* [Listed entries]
>>>
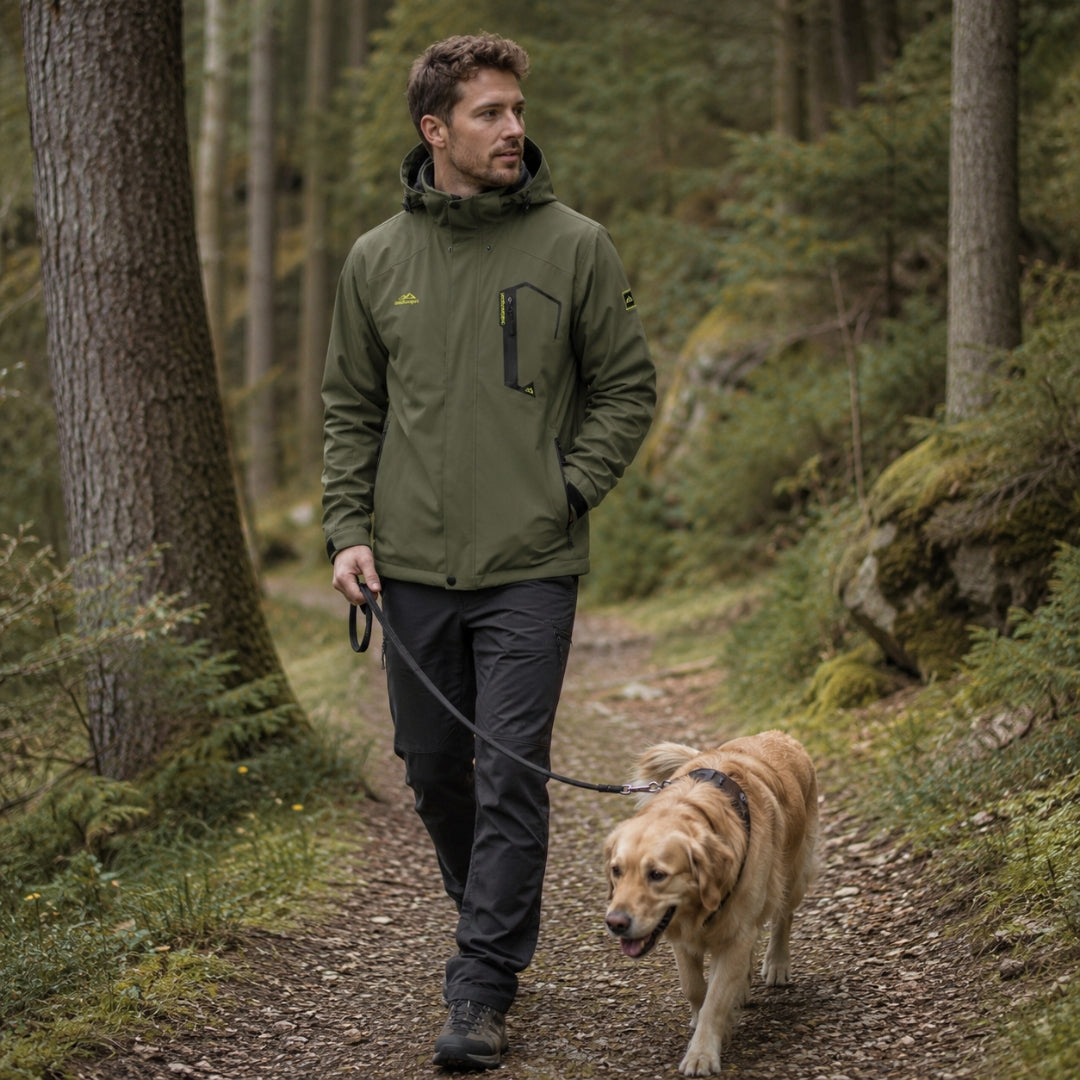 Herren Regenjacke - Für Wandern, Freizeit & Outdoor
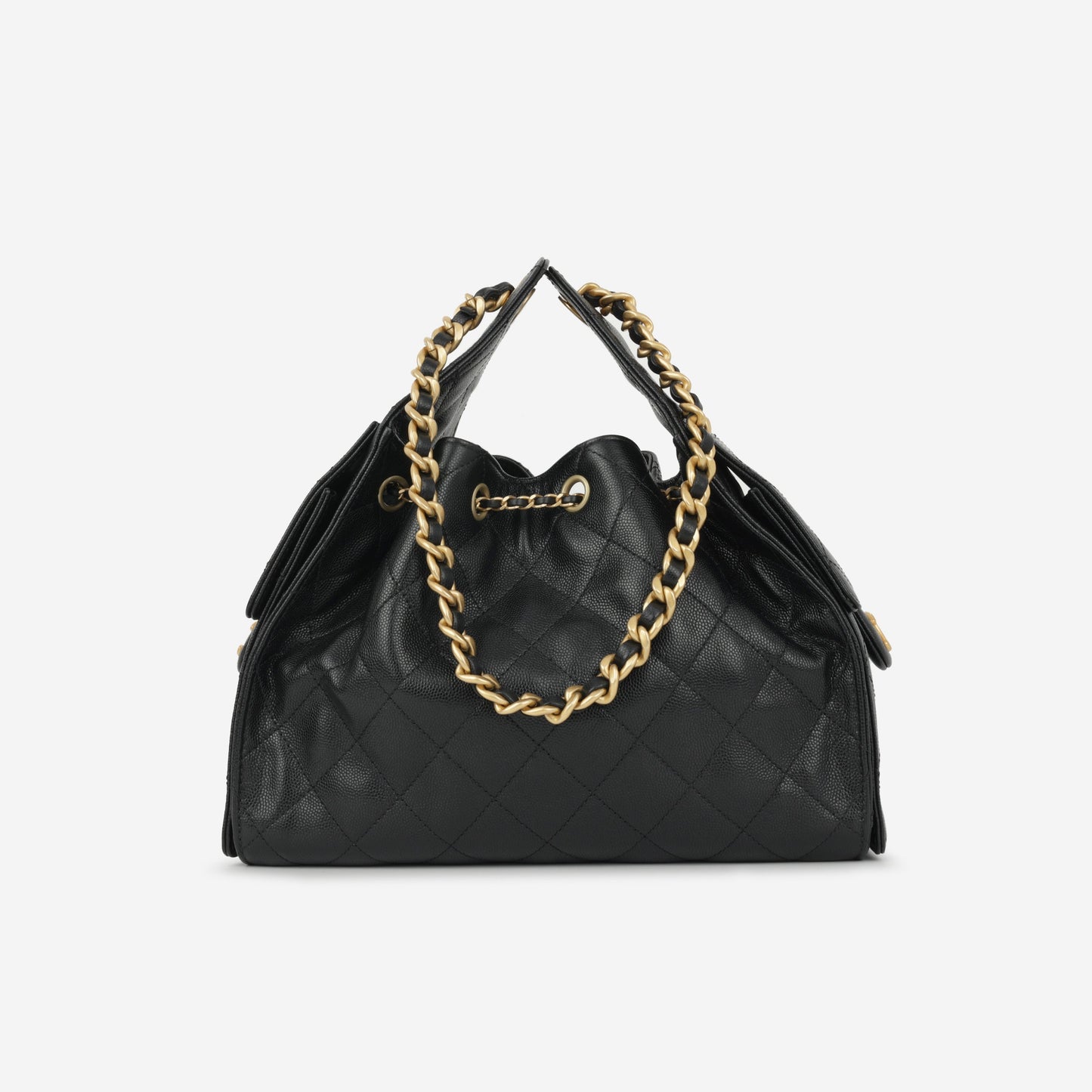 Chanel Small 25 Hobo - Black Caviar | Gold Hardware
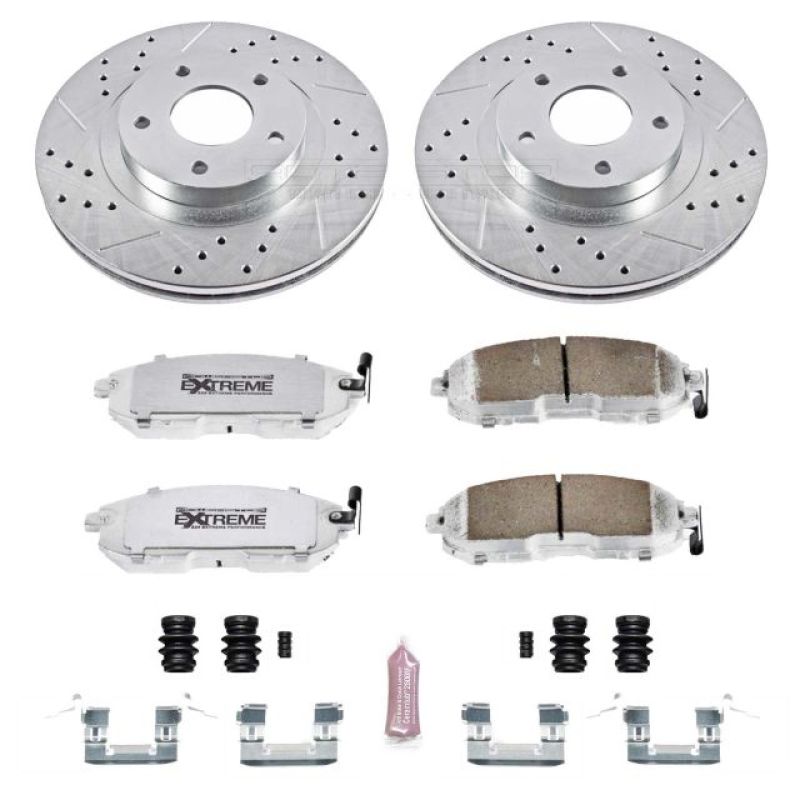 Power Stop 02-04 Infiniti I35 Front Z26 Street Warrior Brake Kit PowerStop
<<<
>>>
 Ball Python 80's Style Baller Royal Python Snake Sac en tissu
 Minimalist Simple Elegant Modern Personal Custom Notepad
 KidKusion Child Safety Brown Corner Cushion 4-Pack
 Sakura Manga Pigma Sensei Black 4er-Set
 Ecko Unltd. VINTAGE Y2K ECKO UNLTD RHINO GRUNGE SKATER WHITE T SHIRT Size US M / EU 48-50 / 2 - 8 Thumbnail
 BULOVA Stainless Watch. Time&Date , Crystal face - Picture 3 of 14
<<<
>>>
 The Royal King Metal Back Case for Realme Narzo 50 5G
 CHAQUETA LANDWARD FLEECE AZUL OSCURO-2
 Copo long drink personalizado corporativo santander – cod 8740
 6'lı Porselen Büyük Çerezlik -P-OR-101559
<<<
* [What needs to be done] Every line holding the word "Royal" should be copied out of the material.

* [Expected output]
 Ball Python 80's Style Baller Royal Python Snake Sac en tissu
 The Royal King Metal Back Case for Realme Narzo 50 5G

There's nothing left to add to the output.